Sarmiento, Samuel; Pierre, James; Dellon, A.; Frick, Kevin (2019), Data from: Tibial nerve decompression for the prevention of the diabetic foot: a cost-utility analysis using Markov model simulations., Dryad, Dataset, https://doi.org/10.5061/dryad.485b1c3

Abstract

Objective: To determine whether tibial neurolysis performed as a surgical intervention for patients with diabetic neuropathy and superimposed tibial nerve compression in the prevention of the diabetic foot is cost effective when compared to the current prevention program. Design: A baseline analysis was built on a five-year model to determine the cumulative incidence of foot ulcers and amputations with each strategy. Subsequently, a cost-effectiveness analysis and cohort-level Markov simulations were conducted with a model composed of 20 six-month cycles. A sensitivity analysis was also performed. Setting: A Markov model was used to simulate the effects of standard prevention compared to tibial neurolysis on the long-term costs associated with foot ulcers and amputations. This model included eight health states.
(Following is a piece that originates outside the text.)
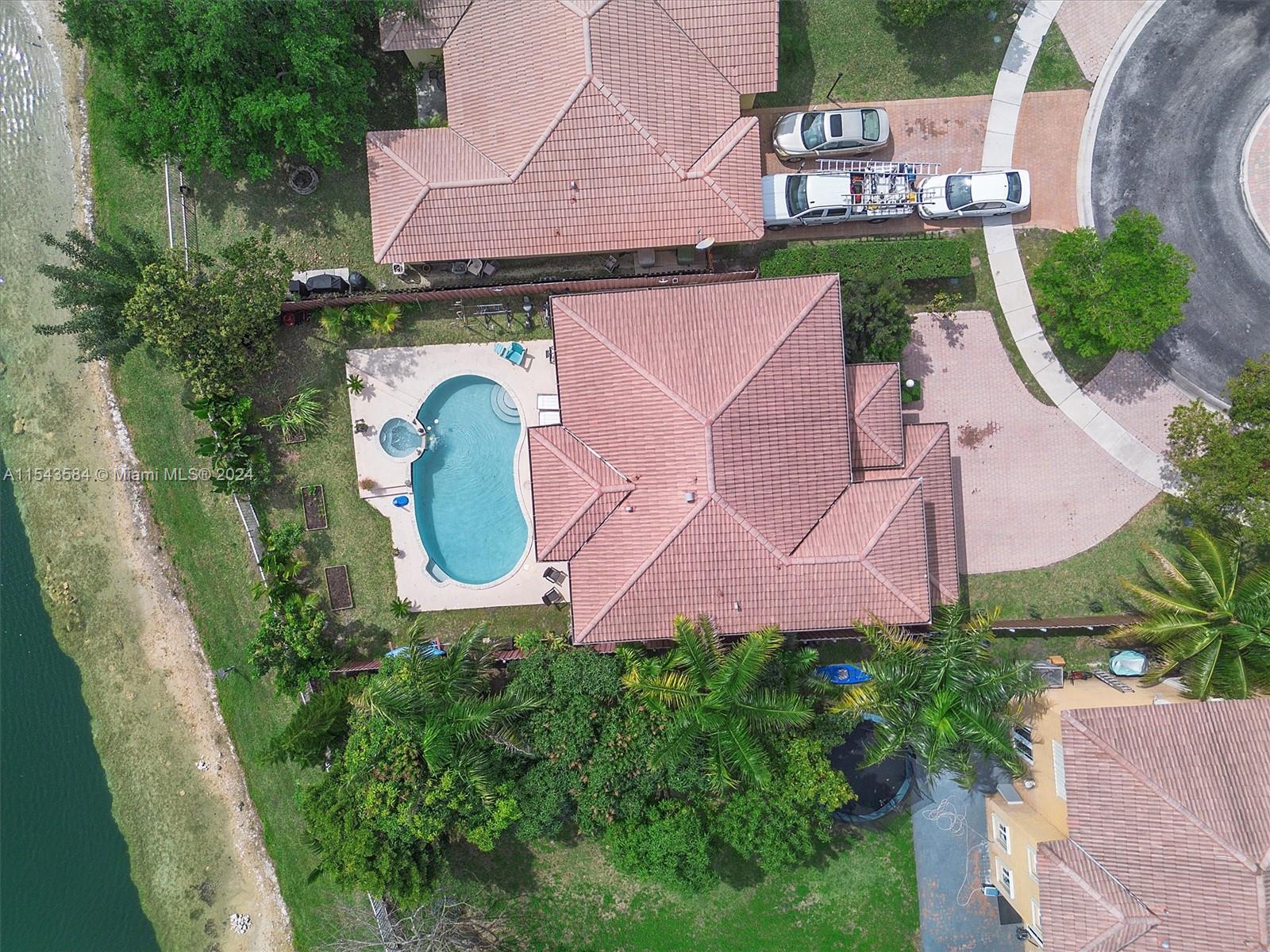 4122 NE 30th St, Homestead, Florida 33033, 4 Bedrooms Bedrooms, ,3 BathroomsBathrooms,Residential,For Sale,4122 NE 30th St,A11543584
Participants: Each cohort includes simulated patients with diabetic neuropathy at different levels of risk of developing foot ulcers and amputations. Primary and secondary outcome measures: The primary outcome was the long-term trends concerning the development of ulcers and amputations with each strategy. The secondary outcome measures were quality adjusted life years (QALYs); incremental cost-effectiveness; and net monetary benefits of the optimal strategy. Results: When compared to standard prevention, for a patient population of 10,000, surgery prevented a simulated total of 1,447 ulcers and 409 amputations over a period of 5 years. In a subsequent analysis that consisted of 20 six-month cycles (10 years), the incremental cost of tibial neurolysis compared to current prevention was $12,772.28; the incremental effectiveness was 0.41 QALYs; and the incremental cost-effectiveness ratio (ICER) was $31,330.78. Survival was 73% for those receiving medical prevention compared to 95% for those undergoing surgery. Conclusion: These results suggest that among patients with diabetic neuropathy and superimposed nerve compression, surgery is more effective at preventing serious comorbidities and is associated with a higher survival over time. It also generated greater long-term economic benefits.